Musical Planetarium

A different piece of music is randomly picked every ten minutes. Among all 10, here is the piece numbered 2.

Cover of the song. A portrait of the ancient Chinese poet Su Dongpo standing among the willow leaves, with the Chinese title of the song written in brushstrokes beside.

As If Green Hills Heave in Sight

如见青山

潮汐-tide/冉语优

役于物得失患 役于形不超然
(Attachment to possessions accentuates vicissitudes)
(Attachment to appearances hinders contentment)

A story between the ancient Chinese poet Su Dongpo and the monk Fo-Yin. The famous pun lines “狗啃河上骨”, “水流东坡诗” — “Dog eating a bone on the river, water carrying a poem east of the slope”, which, based on the pronunciation, can also be interpreted as “dog eating the bones of the monk, water carrying the corpse of Dongpo” — are a joke between the two. Of course, the depth of their friendship goes far beyond a song or a paragraph of text.

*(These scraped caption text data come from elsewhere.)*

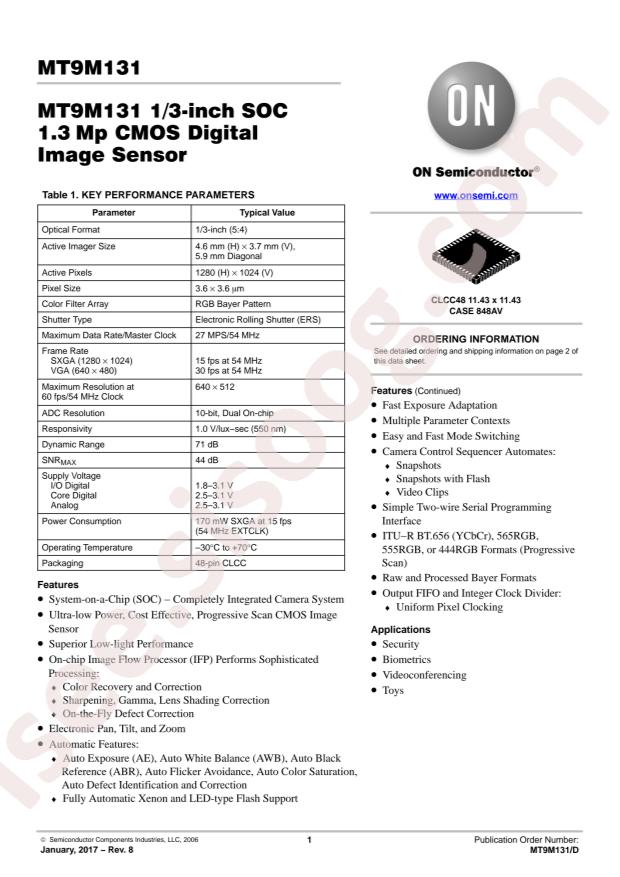 onsemi MT9M131C12STC-DP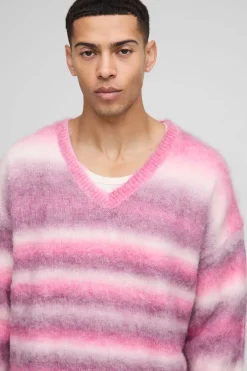 Pull surdimensionné, carré, en maille brossée à rayures et col en V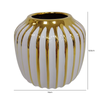 12.5cm White and Gold Pleated Ceramic Vase - LH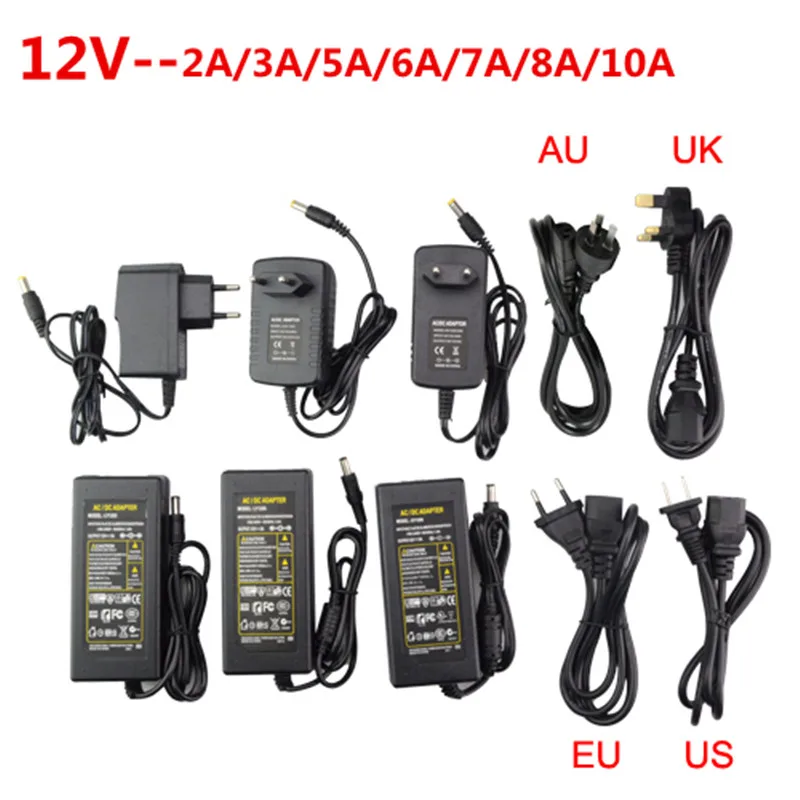 Светодиодный Питание адаптер DC5V/DC12V/DC24V 1A 2A 3A 5A 7A 8A 10A для светодиодный полосы лампы освещения светодиодный Мощность драйвер штепсельной вилки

Immersed in the information age, one starts to be fascinated by people’s relationships in the past. After Su Dongpo went to the capital for his exam, it would no more be clear when they would meet again; for Dongpo, the monk became an unreal blur of memory and language, and then every hill he saw seemed to have the monk in it. Should he eventually meet the real Fo-Yin, the monk would start to overlap with the hills, with the monk’s Buddhist insights blending into the wordless nature, unifying the two —

At the end of the day, however, none of these debates matter. It is Su Dongpo’s carefree spirit — “who cares that it’s difficult to be together”, “find peace in wherever one is placed” — that is the most touching.